By R A J R I S H I S I N G H A L
THE markets have always been fascinated by animals. Time and again, innovative market players have delved into the animal kingdom for inspiration on new products. Whenever, capital market players, especially those in the bond market, have come up with new products, and were faced with the prospect of naming the newer beast, they found inspiration from animal names. The time may have come again to look to the jungle for some respite. The fascination with quadrupeds began with investment banks venturing into the government securities market. These banks would buy US government treasury bonds, put them into an escrow account and re-create instruments derived from these bonds. The interest payout on the original bond would be used to create new bonds. Typically, these instruments would be issued at a deep discount to their face value and investors would receive the face value at maturity, the difference being the implied interest rate.
These bonds were issued mostly between 1982 and 1986. Merrill Lynch — recently taken over by Bank of America — floated TIGRs, or Treasury Investors Growth Receipts. Similarly, Lehman Brothers, which went bankrupt and had to be shut down floated LIONs, or Lehman Investment Opportunity Notes. Not to be outdone, Salomon Brothers invented CATS, or Certificates of Accrual on Treasury Receipts. Predictably, the market referred to these bonds collectively as “felines”. In the past, Indian MFs also took a stab at launching new fund offers with similar names. For example, DSP Merrill Lynch had floated a new scheme called the TIGER fund, which was an acronym for The Infrastructure Growth and Economic Reforms Fund. ING Bank’s local mutual fund arm floated LION Fund, which expanded into the slightly contrived and convoluted Large-cap, Intermediate-cap Opportunities New Offerings Fund. Recently, insurance companies, stung by the colossal damage claims arising out of storms, hurricanes, typhoons, earthquakes and other similar natural calamities, came up with CAT bonds, which are different from the ones floated by Salomon Brothers. These are a short form for “catastrophe bonds”. Insurance companies float these specialised bonds to transfer their risk to the broader capital market. Typical investors include hedge funds and dedicated catastrophe-oriented funds. Given the upheaval in the world markets — called by various people a calamity, catastrophe or a cataclysm — this might be the right time to launch some more “animal” bonds to revive investor interest. Here are some of the mythical beasts.
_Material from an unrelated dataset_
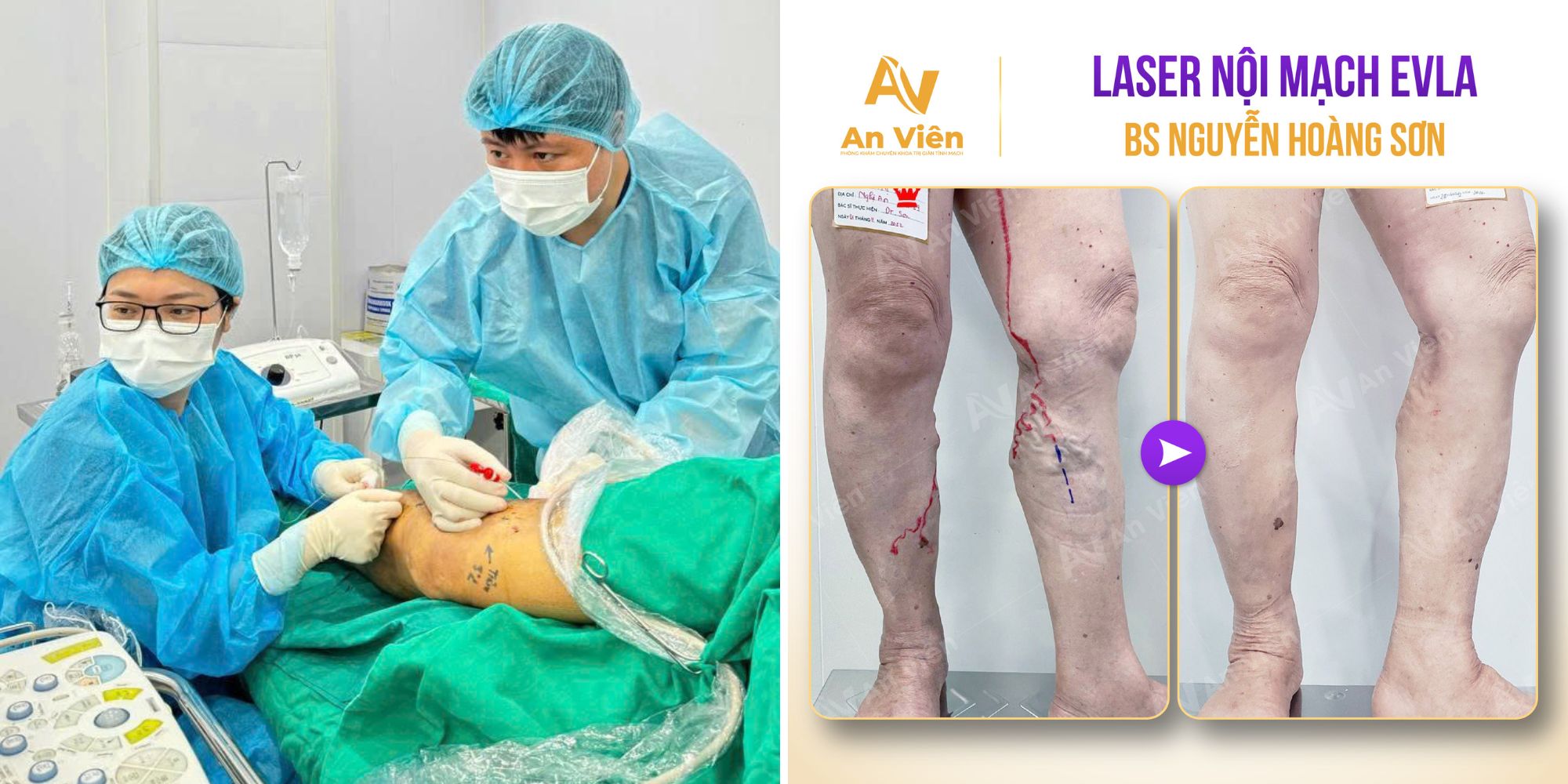 Giãn tĩnh mạch nhẹ có chữa được không? Trao đổi cùng bác sĩ 12 Giãn tĩnh mạch nhẹ có chữa được không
DOG: Expanded they stand for — pardon the expression — Dump On Government. These are bonds issued by all kinds of special investment vehicles which may or may not have any underlying assets. In case the issuer stops paying interest, the government will be obliged to buy them back.
GOAT: Government Offering for Actual Trading, instruments primarily designed for Indian markets. These are paper issued by the government in lieu of all its payments — subsidy, tax refunds, bank recapitalisation, et al — which can then be traded on the market. This one feature will be the big, big difference. The current lot of bonds — issued to oil companies to make up for the shortfall between cost and market prices, and banks for sterilising dollar purchases, fertiliser companies — cannot be traded on the market and has left treasury heads of all these companies and banks in a quandary.
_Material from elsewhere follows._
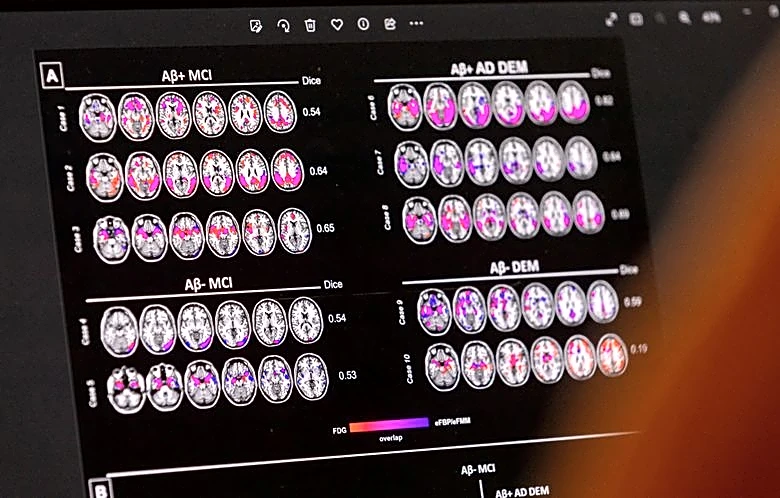 Analysis-Alzheimer's drug hunt learns from cancer fight's multi-target playbook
VIPER: These will be a genre of paper in the manner of “catastrophe” bonds, but issued for insuring disaster in the financial sector, instead of natural mishaps. Called Voucher In Place Exceptions Regretted, these bonds will help insurance companies provide cover against the next generation of banks, which issue exotic derivatives, going kaput.
COBRA: These instruments — Collateral Based on Reducing Assets — will be designed for subscription by conglomerates, especially those which need tax breaks. Imagine a holding company with investments spread across a large number of companies. This portfolio could also include minority interest joint ventures. In such cases where the minority interest company is making a loss, the holding company is unable to take the benefit of a tax write-off. This bond allows the holding company to do that.
CHEETAH: You’ve heard of NINJA — No Income No Jobs or Asset — loans provided to sub-prime borrowers. When the next spell of easy money rolls around — and you can bet your shirt that it will, given the kind of liquidity being pumped in daily by the world’s central banks — the same kind of loan can be rolled off the assembly line, albeit with a different name: Childless, Earning-Exempted, Totally Assetless Homes.
LAMB paper: As soon as Lehman went bust, the impact was felt on all those holding paper issued by the investment bank. The current credit crisis was sparked off when one money market mutual fund woke up one Monday morning and found its asset value wiped out. But, there might be a contrarian — and intrepid — vulture investor, or even a former Lehman trader, who might find some residual value in some of that paper.